Math Fluency: It’s Not About Being Fast!
Submitted by Jannet Park – LS Math Specialist
Many of us can remember a specific math moment: the race against the clock. Maybe it was timed tests, a teacher cold-calling on you and expecting an immediate answer, or the panic that set in as all eyes turned your way. Your mind went blank, your heart sped up, and suddenly math felt much harder than it needed to be. For many of us, those experiences shaped what we came to believe “being good at math” looked like. Math felt less like thinking and more like performing.
So when families hear the word fluency, it’s understandable that we often associate it with smooth reading, quick answers, or memorized math facts. Many of us grew up equating fluency with speed. However, at DE’s lower school, math fluency means something a bit different and ultimately much more powerful.
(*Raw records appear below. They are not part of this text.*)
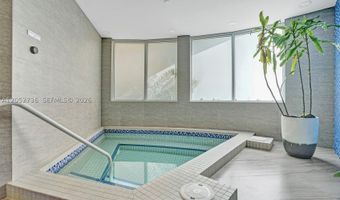 20281 E Country Club Dr 1907, Aventura, FL 33180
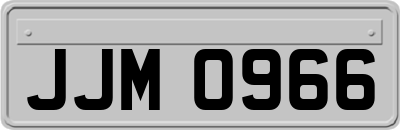 JJM0966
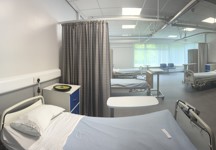 IMG 0791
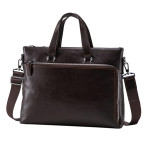 Сумка TIDING BAG NM17-9001-5C - Фото № 100 Сумка TIDING BAG NM17-9001-5C - Фото № 100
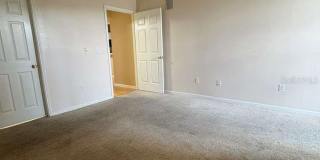 14341 FREDRICKSBURG DRIVE Gallery 8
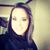 Tasha Overway Rodriguez's profile image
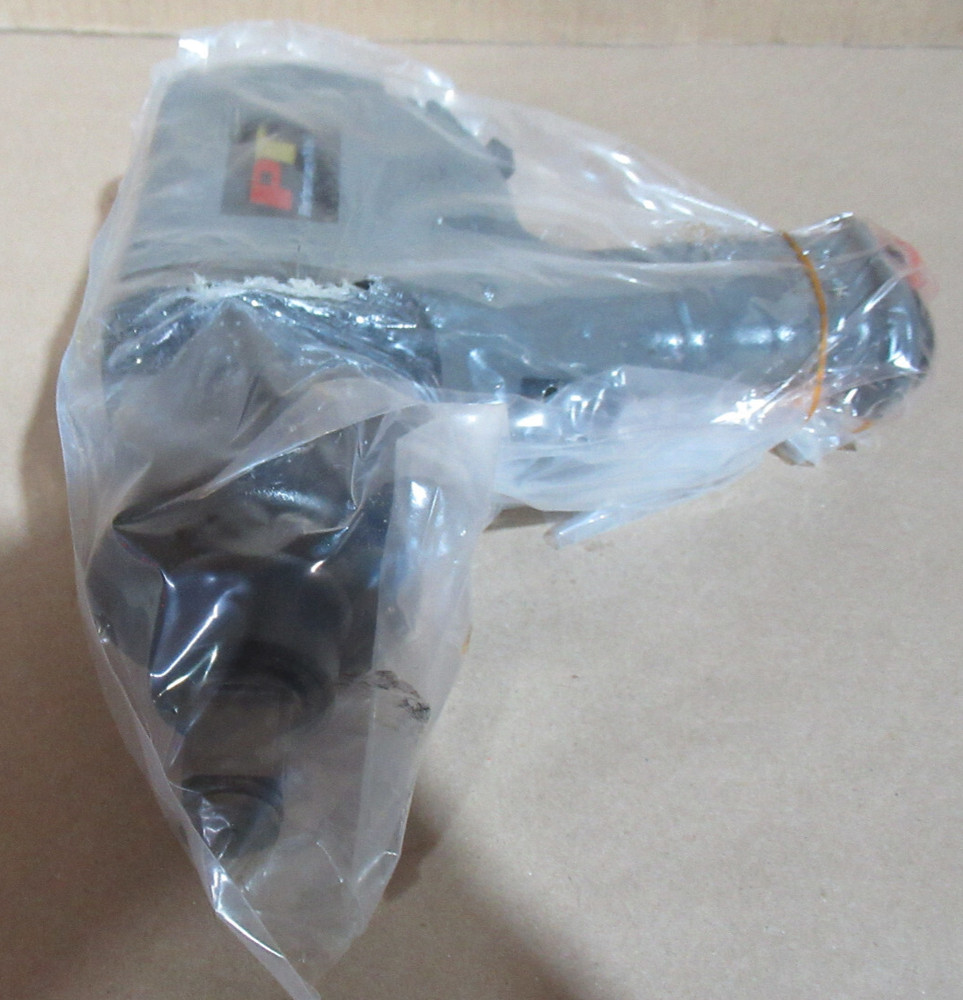 PERFORMANCE TOOL M627 3/4" DRIVE AIR IMPACT WRENCH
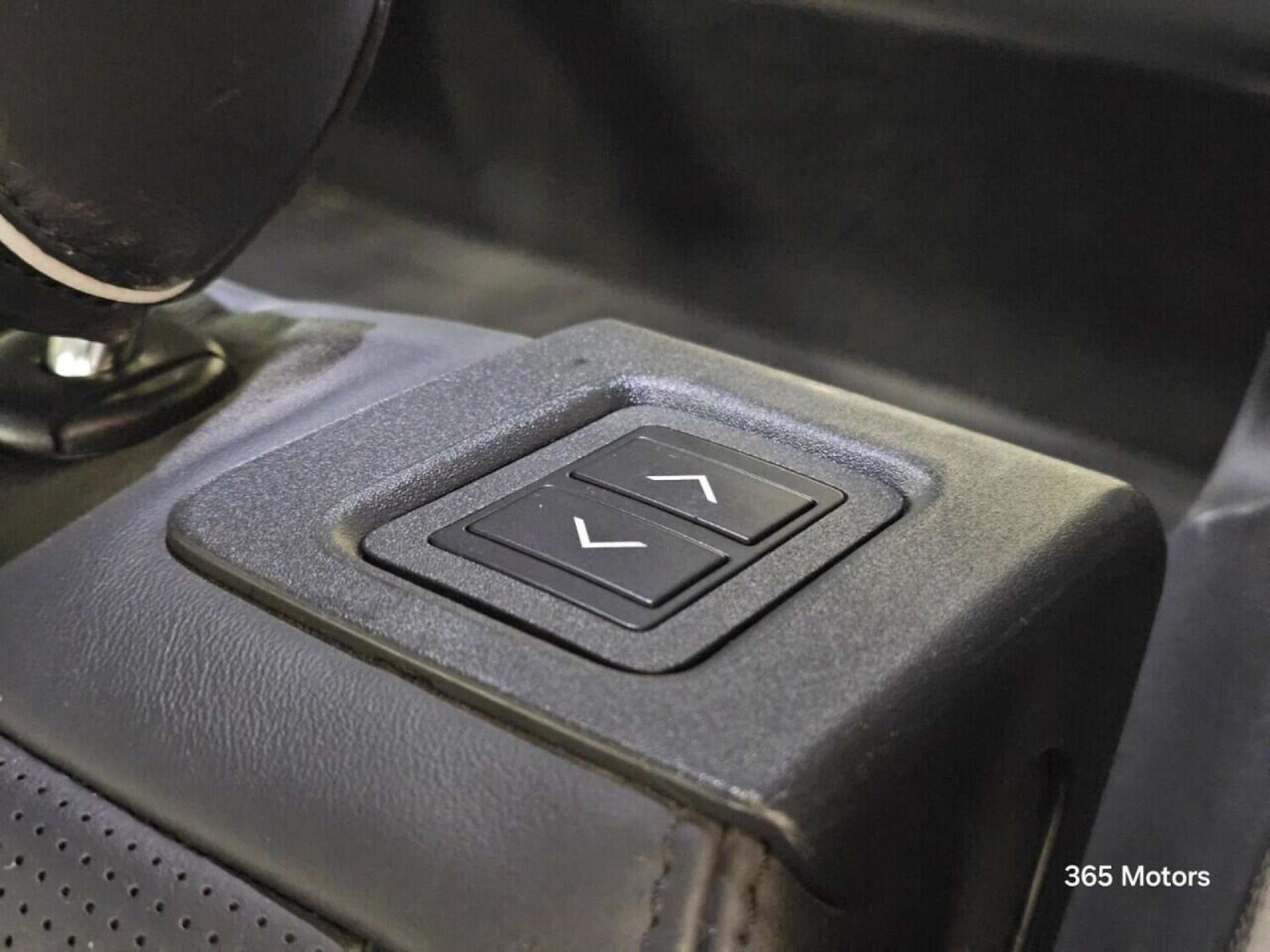 Used Land Rover Discovery 2018 for sale - 78149564: Photo 26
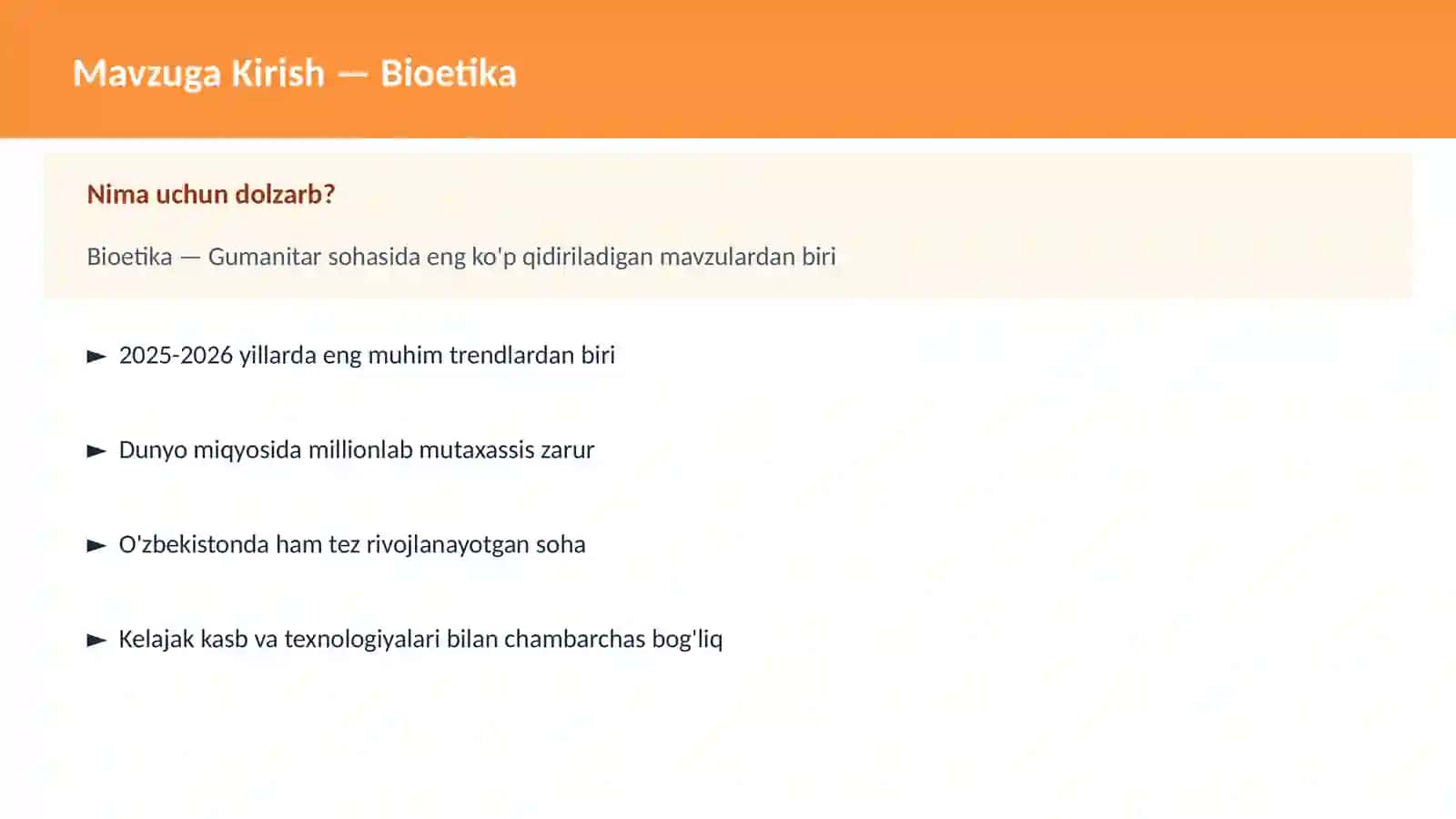 Bioetika 2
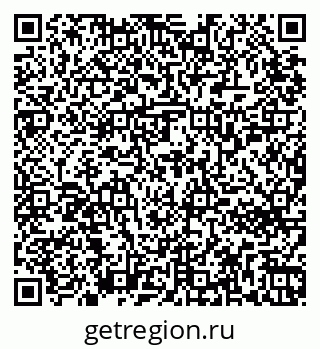 79265752757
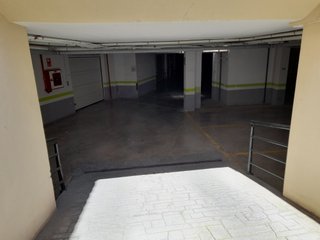 TRASTERO EN PATERNA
Math fluency is about understanding numbers and using them flexibly. A fluent mathematician can choose a strategy that makes sense, explain their thinking, and arrive at an accurate answer with confidence. Over time, as understanding deepens, strategies often become more efficient and automatic. In other words, speed can develop, but it’s the result of fluency, not the definition of it.
This is why memorizing facts alone isn’t always helpful, especially early on. When children are asked to memorize before they understand how numbers work together, math can start to feel stressful or fragile. If a fact is forgotten, students may hesitate, shut down, or feel like they’re “bad at math,” even when they’re not.
When fluency is built through understanding, the experience looks very different. Students learn how numbers relate to one another and how known facts can help them solve new problems. For example, a student who understands how to make ten and break numbers apart might think about 7 + 9 as 6 + 1 + 9 to make 16, and then use that same thinking to solve 70 + 90 as 160. They aren’t just remembering answers! Our DE students are developing tools they can use again and again.
We encourage our students to use fingers, and drawings, or models as they work. These are not signs that a child is behind. They are developmentally appropriate and concrete representations that support thinking and help students make sense of numbers. Just as training wheels help children learn to ride a bike, these strategies help students build the foundational skills they need for strong mental math later on.
Fluent mathematicians are not necessarily the fastest ones. Instead, being able to approach a problem in more than one way is one of the clearest signs of true fluency. As teachers and parents alike continue to value effort, curiosity, and sense-making over speed, we send the important message that math is something you think deeply about, not something you rush through. By redefining what it means to be a fluent mathematician, we help build confidence, joy, and a lasting belief that math is something we all can do.